Thursday, November 30, 2006

The cemetery of the living

Both the wired and wireless connections at the dorm are spotty and slow. I'm lucky if I make it through a couple of pages of surfing without the connection dropping. Thus, updates here will come in bunches when I plug the laptop into the schools media center connection.

On the morning I arrived late and missed my first class, I walked from my dorm over to a cemetery. I wanted to get to know the neighborhood and it seemed like an interesting destination. When I arrived, I found high brick walls surrounding a park with many trees scattered through out. Most of the headstones or memorials were from the mid-19thC and there were a lot of professors and teachers given high honors after their passing.

The walls had several openings where people were cutting through on their way to other streets. Just about in the middle, ironically, near a the tomb of a child, was a group of mothers with four children between them. As the mothers talked, the children played on the pathway, with each other and with the nearby garbage can. I've noticed that Germans are more free in allowing their children to walk about tethered as soon as they can so it's kinda nice to see really young kids at play in their miniature adult-like fashions.

When I decided to take a shot of the kids, I really was just trying to not get caught and accused of anything unsavory. But look close. I snagged the moment just as two of the boys are pushing the third against the can. I just imagine the little girl in the foreground saying, "that's right boys, rough him up until he hands over all his gummibears".

As I walked through the cemetery towards the path circling the inside, I started seeing the occasional jogger. These weren't any joggers, but out of the half-dozen or so, only two were even close to qualifying as young.
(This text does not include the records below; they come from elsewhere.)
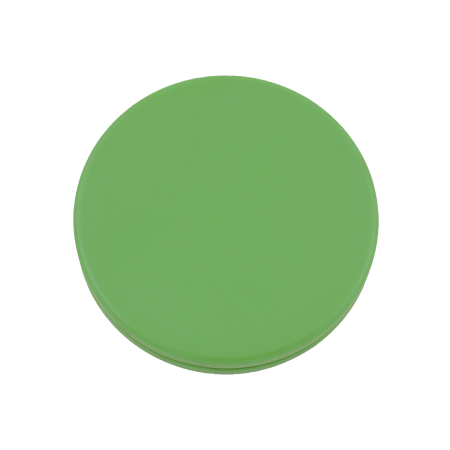 Lichtgroen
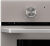   Delonghi NSM 7TL PPP RUS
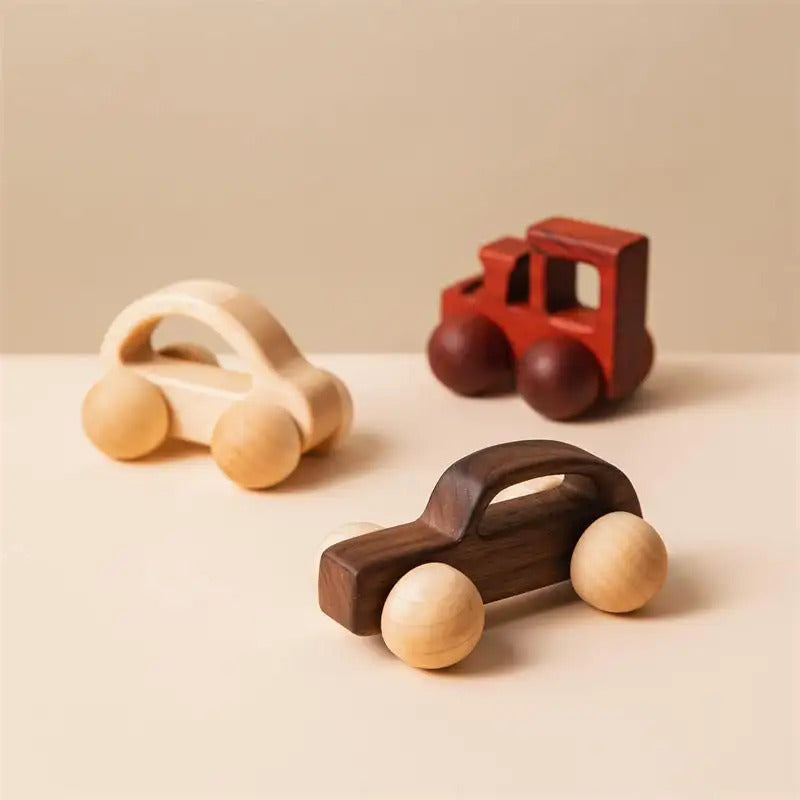 Cars-set1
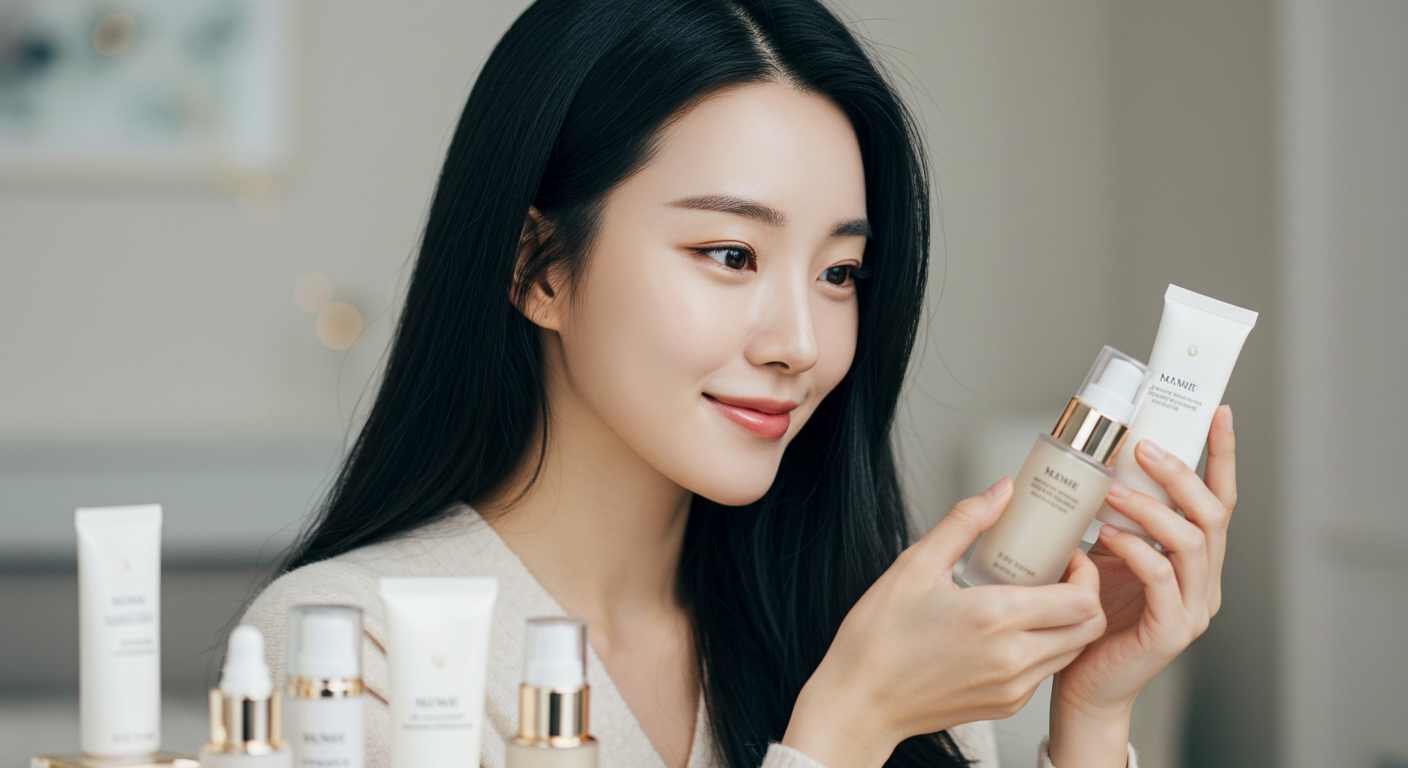 공스킨 마스크팩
Again, it seemed ironic that the old would partake in an activity that is intended to keep one healthy and living longer, if not better, in a place that is a perpetual reminder of the one fate no one can escape. Is it because of that reminder that they are spurred on to jog? Is it out of a sense of defiance? Or is it merely a convenient place to use as a track? It doesn't matter a whole lot. After all, cemeteries are for the living in more than one way.